In practice, however, these developments led to a sharp divergence from physics, particularly from 1950 to 1983. Later this was criticised, for example by Vladimir Arnold, as too much Hilbert, not enough Poincaré. The point does not yet seem to be settled, in that string theory pulls one way, while discrete mathematics pulls back towards proof as central.

Pure vs. applied mathematics

Mathematicians have always had differing opinions regarding the distinction between pure and applied mathematics. One of the most famous (but perhaps misunderstood) modern examples of this debate can be found in G.H. Hardy's 1940 essay A Mathematician's Apology.

It is widely believed that Hardy considered applied mathematics to be ugly and dull. Although it is true that Hardy preferred pure mathematics, which he often compared to painting and poetry, Hardy saw the distinction between pure and applied mathematics to be simply that applied mathematics sought to express physical truth in a mathematical framework, whereas pure mathematics expressed truths that were independent of the physical world.
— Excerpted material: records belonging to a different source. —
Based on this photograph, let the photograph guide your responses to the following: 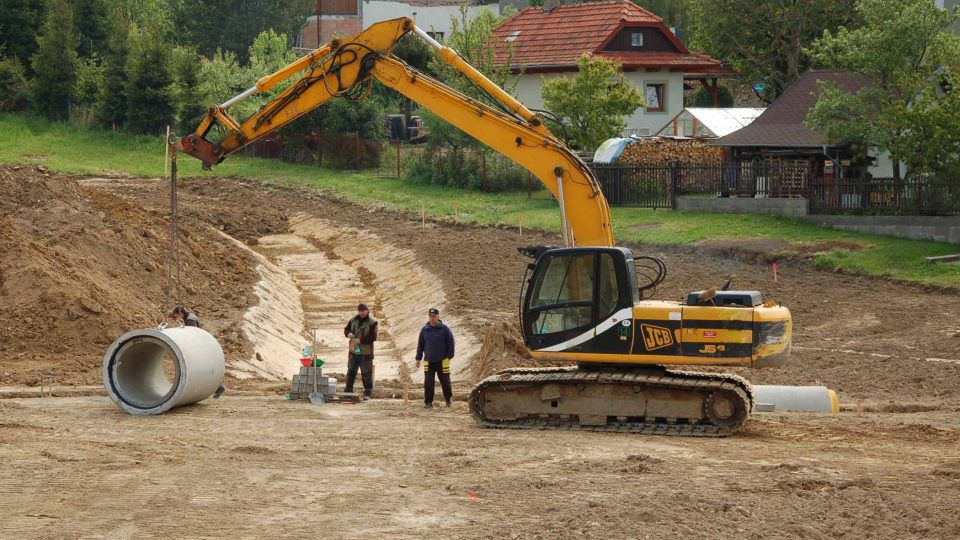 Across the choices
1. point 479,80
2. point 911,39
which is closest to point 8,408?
point 479,80

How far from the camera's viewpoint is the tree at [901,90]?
3381cm

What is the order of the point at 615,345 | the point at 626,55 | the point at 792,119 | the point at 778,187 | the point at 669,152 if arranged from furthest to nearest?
the point at 626,55
the point at 669,152
the point at 792,119
the point at 778,187
the point at 615,345

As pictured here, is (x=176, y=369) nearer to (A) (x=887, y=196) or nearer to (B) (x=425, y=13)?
(A) (x=887, y=196)

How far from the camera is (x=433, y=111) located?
757 inches

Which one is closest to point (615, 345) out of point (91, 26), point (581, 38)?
point (581, 38)

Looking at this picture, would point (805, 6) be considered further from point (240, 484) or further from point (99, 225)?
point (240, 484)

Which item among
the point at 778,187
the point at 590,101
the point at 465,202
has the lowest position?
the point at 465,202

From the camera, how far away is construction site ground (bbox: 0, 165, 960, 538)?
12.1 metres

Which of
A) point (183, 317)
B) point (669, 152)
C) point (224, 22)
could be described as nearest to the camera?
point (183, 317)

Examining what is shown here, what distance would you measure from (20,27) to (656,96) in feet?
105

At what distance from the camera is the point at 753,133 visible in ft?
141

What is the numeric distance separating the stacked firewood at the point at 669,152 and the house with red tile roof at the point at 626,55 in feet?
26.4

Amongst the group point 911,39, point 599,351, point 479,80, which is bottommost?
point 599,351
Hardy made a separate distinction in mathematics between what he called "real" mathematics, "which has permanent aesthetic value", and "the dull and elementary parts of mathematics" that have practical use.
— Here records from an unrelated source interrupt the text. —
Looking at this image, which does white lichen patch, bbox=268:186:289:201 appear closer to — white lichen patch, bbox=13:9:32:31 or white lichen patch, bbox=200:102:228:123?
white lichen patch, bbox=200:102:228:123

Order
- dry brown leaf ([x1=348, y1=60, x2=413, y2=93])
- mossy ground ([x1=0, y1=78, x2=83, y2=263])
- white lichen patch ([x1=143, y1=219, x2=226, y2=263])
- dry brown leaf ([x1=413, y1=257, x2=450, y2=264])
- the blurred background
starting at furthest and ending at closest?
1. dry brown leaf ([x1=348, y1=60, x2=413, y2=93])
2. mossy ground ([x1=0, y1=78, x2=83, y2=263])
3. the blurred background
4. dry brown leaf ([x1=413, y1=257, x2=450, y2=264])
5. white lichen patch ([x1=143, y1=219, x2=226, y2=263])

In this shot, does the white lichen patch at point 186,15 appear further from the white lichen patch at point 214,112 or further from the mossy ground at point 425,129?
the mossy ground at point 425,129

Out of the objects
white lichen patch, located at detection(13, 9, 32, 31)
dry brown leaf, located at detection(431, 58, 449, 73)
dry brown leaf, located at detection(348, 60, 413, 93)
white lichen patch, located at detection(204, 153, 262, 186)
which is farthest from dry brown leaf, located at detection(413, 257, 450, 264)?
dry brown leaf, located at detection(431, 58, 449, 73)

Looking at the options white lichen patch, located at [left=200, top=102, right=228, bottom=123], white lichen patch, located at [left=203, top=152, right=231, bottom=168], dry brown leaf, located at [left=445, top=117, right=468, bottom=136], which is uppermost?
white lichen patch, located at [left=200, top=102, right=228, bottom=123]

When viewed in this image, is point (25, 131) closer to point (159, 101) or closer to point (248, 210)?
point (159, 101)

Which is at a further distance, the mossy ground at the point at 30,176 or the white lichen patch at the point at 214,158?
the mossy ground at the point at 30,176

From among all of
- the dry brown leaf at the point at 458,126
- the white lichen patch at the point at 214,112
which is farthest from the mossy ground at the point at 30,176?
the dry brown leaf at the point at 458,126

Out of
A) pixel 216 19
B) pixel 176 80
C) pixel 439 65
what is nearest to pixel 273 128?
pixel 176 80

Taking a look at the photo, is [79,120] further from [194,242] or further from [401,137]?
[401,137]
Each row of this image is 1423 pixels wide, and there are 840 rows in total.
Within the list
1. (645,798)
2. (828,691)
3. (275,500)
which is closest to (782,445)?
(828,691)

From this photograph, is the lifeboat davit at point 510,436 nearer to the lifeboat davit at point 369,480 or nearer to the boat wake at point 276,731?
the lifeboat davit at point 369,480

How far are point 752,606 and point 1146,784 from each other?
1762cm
Hardy considered some physicists, such as Einstein and Dirac, to be among the "real" mathematicians, but at the time that he was writing his Apology, he considered general relativity and quantum mechanics to be "useless", which allowed him to hold the opinion that only "dull" mathematics was useful. Moreover, Hardy briefly admitted that—just as the application of matrix theory and group theory to physics had come unexpectedly—the time may come where some kinds of beautiful, "real" mathematics may be useful as well.

Another insightful view is offered by American mathematician Andy Magid:

I've always thought that a good model here could be drawn from ring theory. In that subject, one has the subareas of commutative ring theory and non-commutative ring theory. An uninformed observer might think that these represent a dichotomy, but in fact the latter subsumes the former: a non-commutative ring is a not-necessarily-commutative ring. If we use similar conventions, then we could refer to applied mathematics and nonapplied mathematics, where by the latter we mean not-necessarily-applied mathematics... [emphasis added]

Friedrich Engels argued in his 1878 book Anti-Dühring that "it is not at all true that in pure mathematics the mind deals only with its own creations and imaginations. The concepts of number and figure have not been invented from any source other than the world of reality". He further argued that "Before one came upon the idea of deducing the form of a cylinder from the rotation of a rectangle about one of its sides, a number of real rectangles and cylinders, however imperfect in form, must have been examined. Like all other sciences, mathematics arose out of the needs of men...But, as in every department of thought, at a certain stage of development the laws, which were abstracted from the real world, become divorced from the real world, and are set up against it as something independent, as laws coming from outside, to which the world has to conform."